BEGIN INFORMATION PROVIDED

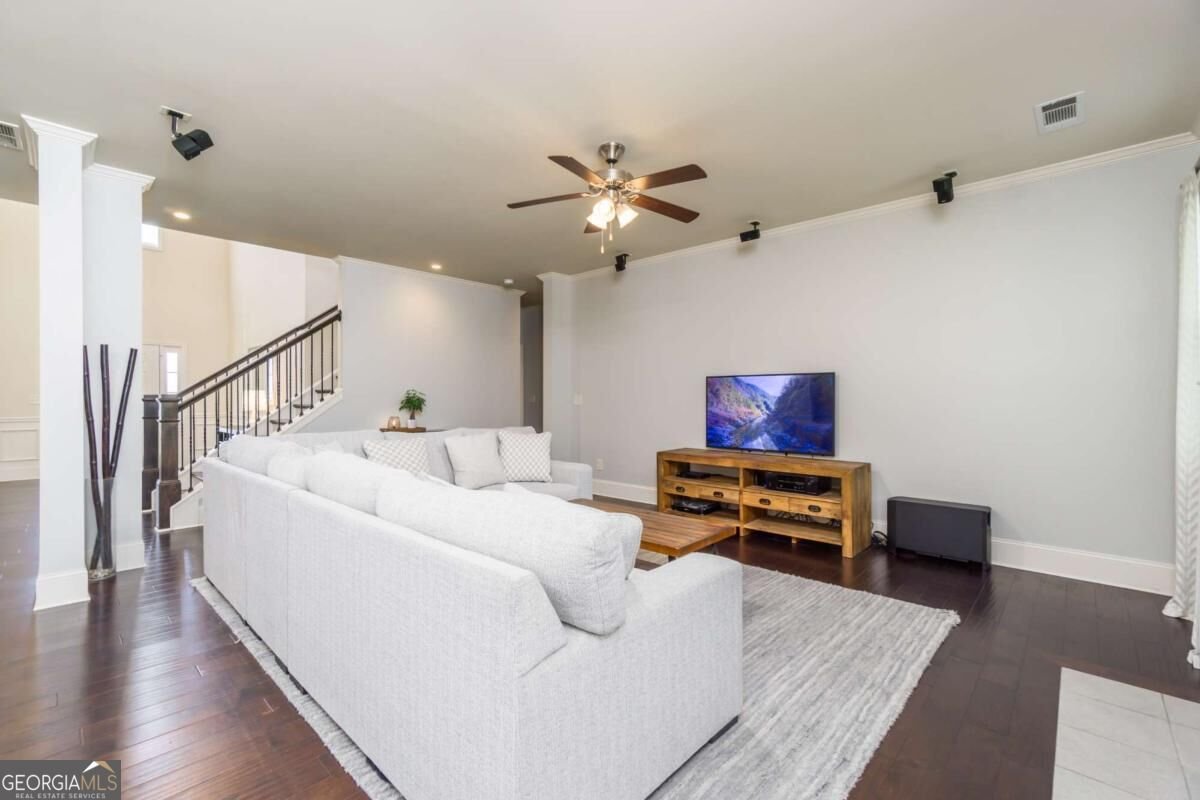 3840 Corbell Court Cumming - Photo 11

END INFORMATION PROVIDED
BEGIN INFORMATION PROVIDED

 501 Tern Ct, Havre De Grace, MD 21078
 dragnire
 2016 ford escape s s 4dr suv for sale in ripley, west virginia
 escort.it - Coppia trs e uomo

END INFORMATION PROVIDED

WHAT YOU NEED TO DO: Could you repeat exactly the lines in the listing above from the one with "501 Tern Ct, Havre De Grace, MD 21078" down to the one with "escort.it - Coppia trs e uomo"? Include both of those lines.

RESPONSE:
 501 Tern Ct, Havre De Grace, MD 21078
 dragnire
 2016 ford escape s s 4dr suv for sale in ripley, west virginia
 escort.it - Coppia trs e uomo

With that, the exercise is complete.